MANILA, Philippines - The inflow of foreign direct investments (FDIs) in the Asia Pacific region is forecast to expand 17 percent this year, a reversal of the 40-percent decline in 2009, the World Bank said in a report.
The multilateral funding agency added that the region is expected to absorb more investments in the next few years, especially in the mining sector.
The WB said FDIs directed to productive assets could spur economic growth and reduce poverty in the region and, in turn, continue to support the recovery of the global economy.
In the Philippines alone, the Bangko Sentral ng Pilipinas (BSP) reported that FDIs in September registered a net inflow of $66 million, a turnaround from the net outflow of $54 million in the same month in 2009.
Equity capital posted a net outflow of $22 million in September, or an improvement from the $45 million equity capital withdrawn from the country in the same month last year.
The WB report, entitled World Investment and Political Risk, noted, however, that multinational executives are worried about political risks more than anything else in investing in developing countries.
In the past three years, political risk tops other business concerns such as market size, lack of finance, and quality of infrastructure. “About a fifth of the investors surveyed use political risk insurance to mitigate this risk,” the report added.
This year’s report also focuses on FDIs into conflict-affected and fragile economies, where investors are primarily concerned about adverse government intervention (for example changes in regulations, breach of contract, non-honoring of sovereign guarantees, currency restrictions, and expropriation) rather than overt political violence.
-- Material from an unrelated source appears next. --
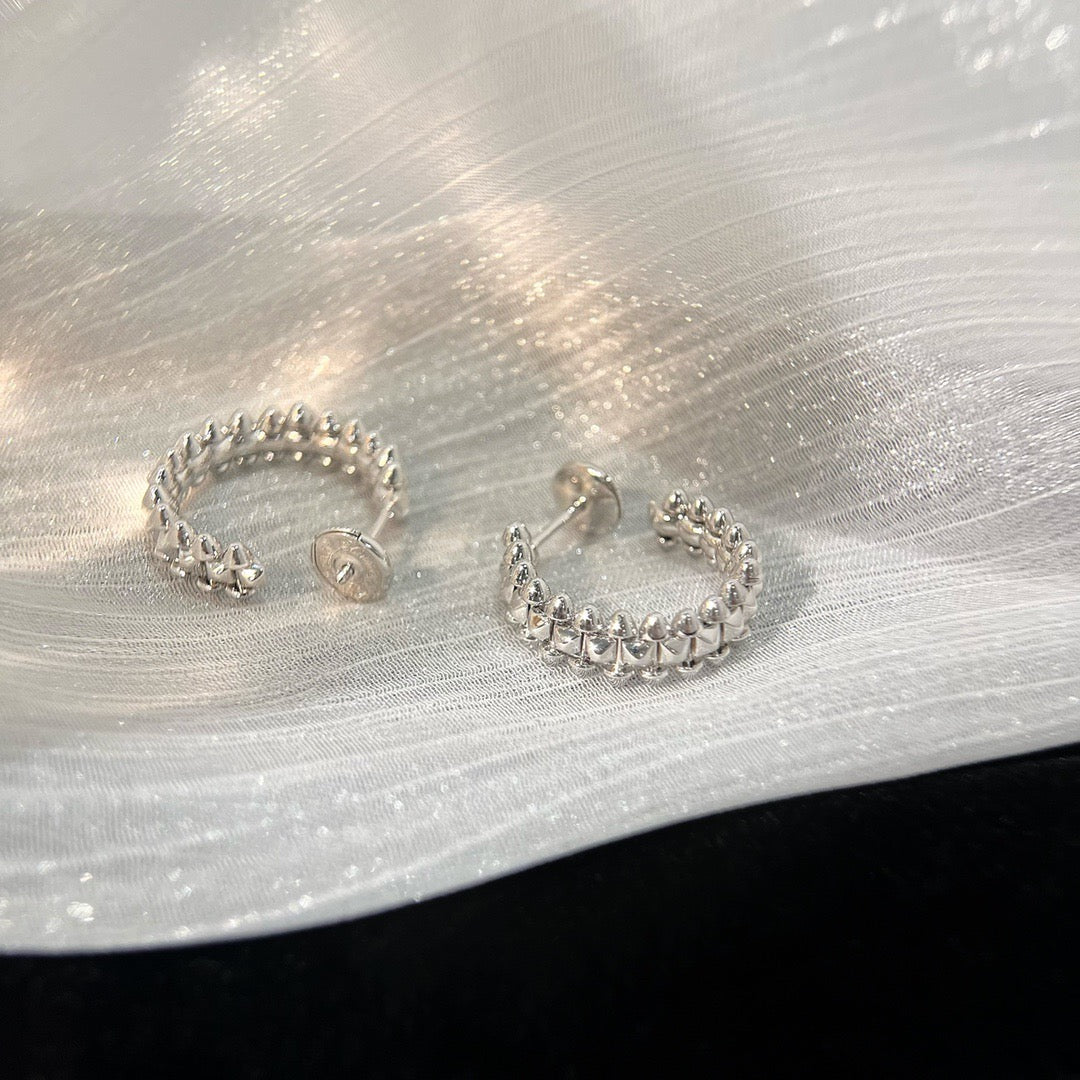 Aura CLASH SMALL HOOP EARRINGS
Adverse changes in regulations not only rank first among investors’ concerns in conflict-affected and fragile economies, but also are most often responsible for losses in these destinations.
By providing much-needed financial resources, technology transfer, managerial expertise, and connections to the global economy, FDIs can help generate and sustain economic growth and promote development, both essential to stability.
The report also notes that multilateral political risk insurance providers have a key role to play in covering FDIs in fragile countries because their development mandate allows them to look beyond the bottom line.